Another “Best Practices” May Not Be Best After All

For years, I’ve been critical of governance experts who promote “best practices” without any basis that these practices are actually effective, much less the best.  For example, the Harvard Law School’s Shareholder Rights Project undertook to push numerous companies to eliminate their staggered boards.  Two former SEC Commissioners took the Harvard SRP to task for advancing shareholder proposals that portrayed staggered boards as categorically detrimental to shareholder interests.  Then, two professors conducted an actual study and found:

Declassifying SRP targets, and especially targets more engaged in research and innovation, declined in firm value after declassification, which wealth effect is directly attributable to declassification rather than other activism-related channels.
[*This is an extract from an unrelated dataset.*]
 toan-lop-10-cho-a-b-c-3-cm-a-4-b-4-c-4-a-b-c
See Did The Harvard Shareholder Rights Project Prove Itself Wrong?

Now, another “best practice” is being undermined by an actual study.  Simpson Thacher and Rivel Corporate Governance Intelligence Council took a look at all companies in the S&P 500 over three specific time frames.  They found no statistical difference in the financial performance of companies during any of the three time periods between companies that combined the Chairman/CEO roles and those that separated those two roles.   Accordingly, they conclude that “there does not appear to be any compelling economic reason for public companies to adopt any particular CEO/chairman structure”.
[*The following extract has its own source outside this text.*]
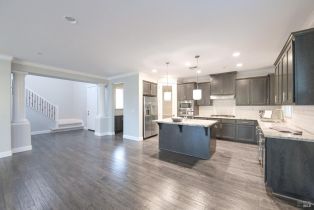 Single Family Residence,  Browns Valley road, Napa, CA 94558 - 4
This is, of course, old news.  In 2009, Harvard Law School Professor John Coates submitted the following testimony to the U.S. Senate Banking, Housing, and Urban Affairs Subcommittee on Securities, Insurance and Investment:

 The only clear lesson from these studies is that there has been no long-term trend or convergence on a split chair/CEO structure, and that variation in board leadership structure has persisted for decades, even in the UK, where a split chair/CEO structure is the norm.

Several years earlier, Yale Law School Professor Roberta Romano wrote:

However, the firms with board characteristics on which shareholder proposals focus, firms whose boards have a majority of independent directors or that split the function of board chairman and chief executive officer (CEO), do not perform significantly better than those whose boards, respectively, have fewer outside directors or do not split these positions.

Less is More: Making Institutional Investor Activism a Valuable Mechanism of Corporate Governance, 18 Yale Journal on Regulation 174, 192-93 (2001) (footnotes omitted).

Notwithstanding decades of studies finding no benefit, ISS’ 2017 proxy voting guidelines state that it will generally recommend a vote for separation.  My question is why?